Hello! we configured one partition with one node. The config of the partition is: PartitionName=parta Priority=10 Default=NO State=UP OverSubscribe=FORCE:42 MaxNodes=1 AllowGroups=xxxuser Nodes=foo Then we create a reservation: ReservationName=faa StartTime=2017-03-07T17:12:23 EndTime=2017-03-10T09:00:00 Duration=2-15:47:37 Nodes=foo NodeCnt=1 CoreCnt=32 Features=(null) PartitionName=parta Flags=IGNORE_JOBS,SPEC_NODES TRES=cpu=64 Users=joe,mike,tim This works most of the time and joe,mike and time can make an salloc to the partition (parta) and log into foo in parallel. BUT from time to time salloc is pending even if the overcommit is not reached. If we restart slurmctld the pending salloc is executed. We think that the problem is triggered when some other job is submitted to partition (partx). The node foo is not part of partx, but we see in the log the following pattern debug: sched: Running job scheduler debug2: found 6 usable nodes from config containing fee[003-008] ... debug2: Advanced reservation removed 7 nodes from consideration for job 222372 select_p_job_begin: job 222372 could not find partition partx for node foo ... error: select_g_job_begin(222372): No error hope you can help us or give us advice how to further debug the problem best regards, Sven Sternberger
So we removed the overcommit stuff and the allocation still is in pending from time to time
Okay I investigate further and still have no clue It looks like there a few nodes which are not accessibly for slurm after the log shows these line select_p_job_begin: job 222372 could not find partition partx for node foo the affected nodes shows up in sinfo as idle, but I can't access them. I can connect to the slurm daemon on the node with netcat. And wireshark shows me that there is no communication to the affected nodes when I try to make a srun. But from time to time there is communication to these nodes (status update?) The workaround is to restart slumctld but after a time (we assume that it is triggered by a large job submit to special partition) the log line (select_p_job_begin*) appears again and afterwards we have the same situation
now we got the source of our problem: We have several overlaping partition, node allocation and backfill scheduler. We added one partition wich has only one node: PartitionName=foo Priority=10 Default=NO State=UP OverSubscribe=FORCE:42 MaxNodes=1 AllowGroups=usergrp Nodes=nodex That worked liked expected. But when we submit a job which get queued we saw from time to time these lines in the log select_p_job_begin: job 222372 could not find partition partx for node nodey As neither the partition nor the node was in the partition definition we don't saw the relation. After the line appears some nodes couldn't execute jobs, the status was idle, they were reachable. I set them to drain and resume, I rebooted the node without any change. I realized that I couldn't set the status to down. When I restart slurmctld it work again till a job is queued again. The affected nodes were always more or less the same, it was always the node from the new partition. The other affected nodes were in different partitions. We removed the OverSubscribe=FORCE:42 flag from the Partition and added the "Shared=No" like on the other partitions and now everthing works fine (except that we can't share the node :-/) best regards!

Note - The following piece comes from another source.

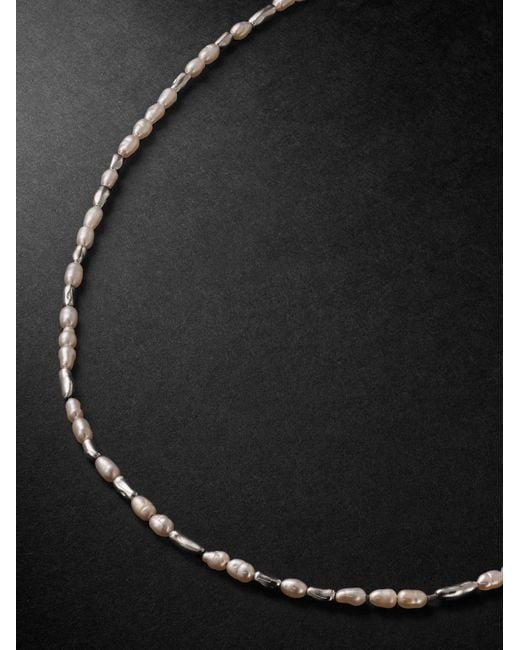 M. Cohen Black Hokkaido Sterling Pearl Beaded Necklace for men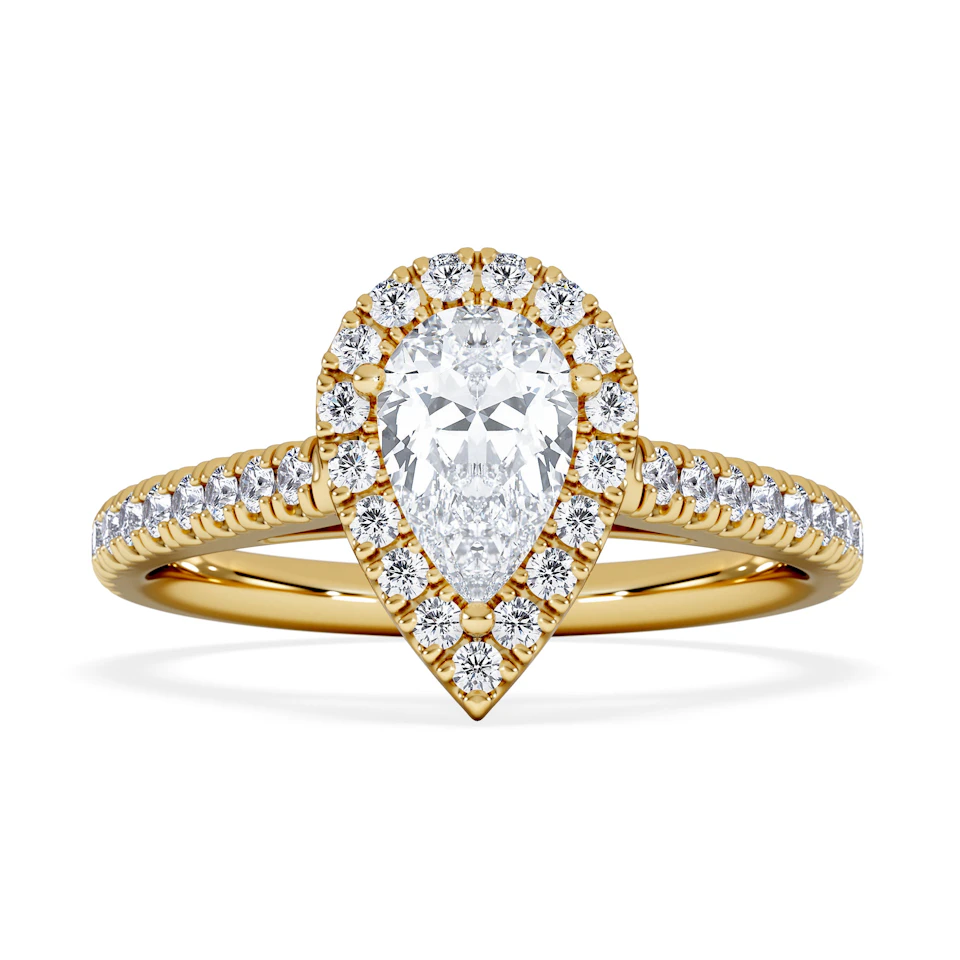 Diana GIA Diamond Pear Halo Engagement Ring in 18K Gold 1.35ct G/SI2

The problem is back, we thought we fixed it but it simply occurs now not everyday instead once a week. We also have the suspicion that the it depends how busy the cluster is. So we see again: slurmctld[11758]: select_p_job_begin: job 123456 could not find partition foo for node wn0815 the node wn0815 is not part of the partition definition for foo. Afterwards wn0815 can't get jobs and the status of the node is idle. best regards
Hi Sven - Do you mind attaching a recent copy of your slurm.conf file? That's help me understand the system layout. I'm working through the rest of the problem description now. cheers, - Tim
Created attachment 4333 [details] slurm.conf.old Hi Tim! so slurm.conf is the actual slurm.conf and slurm.conf.old is the one which in our assumption triggered the problem. cheers! Sven > Von: bugs@schedmd.com > An: "sven sternberger" <sven.sternberger@desy.de> > Gesendet: Montag, 10. April 2017 18:32:24 > Betreff: [Bug 3551] Allocation for reserved node hangs > Tim Wickberg changed bug 3551 > What Removed Added > Severity 6 - No support contract 4 - Minor Issue > Assignee jacob@schedmd.com tim@schedmd.com > Comment # 5 on bug 3551 from Tim Wickberg > Hi Sven - > Do you mind attaching a recent copy of your slurm.conf file? That's help me > understand the system layout. I'm working through the rest of the problem > description now. > cheers, > - Tim > You are receiving this mail because: > * You reported the bug. > * You are on the CC list for the bug.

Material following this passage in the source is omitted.